# Analysis of English Premier League

### Content

 1. Introduction: English Premier League
 2. Data description
 3. Research questions
 4. Data preparation: cleaning and shaping

## 1. Introduction: English Premier League

The Premier League, often referred to as the English Premier League or the EPL outside England, is the top level of the English football league system. Contested by 20 clubs, it operates on a system of promotion and relegation with the English Football League (EFL). Seasons run from August to May with each team playing 38 matches (playing all 19 other teams both home and away). Most games are played on Saturday and Sunday afternoons.

The competition was founded as the FA Premier League on 20 February 1992 following the decision of clubs in the Football League First Division to break away from the Football League, founded in 1888, and take advantage of a lucrative television rights deal.

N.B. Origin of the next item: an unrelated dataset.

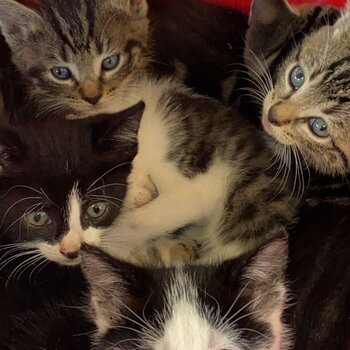 Cute kittens for sale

The Premier League is the most-watched sports league in the world, broadcast in 212 territories to 643 million homes and a potential TV audience of 4.7 billion people. For the 2018–19 season average Premier League match attendance was at 38,181,second to the Bundesliga's 43,500, while aggregated attendance across all matches is the highest of any league at 14,508,981. Most stadium occupancies are near capacity. The Premier League ranks second in the UEFA coefficients of leagues based on performances in European competitions over the past five seasons as of 2019, only behind Spain's La Liga.

Source(https://en.wikipedia.org/wiki/Premier_League)

## 2. Data description 

According to the intro information about English Premier League (EPL), it is clear that EPL is the one of the most followed football league in the world. There are popular clubs like Manchester United, Manchester City, Liverpool and etc. It is interesting to discover and compare different features of matches.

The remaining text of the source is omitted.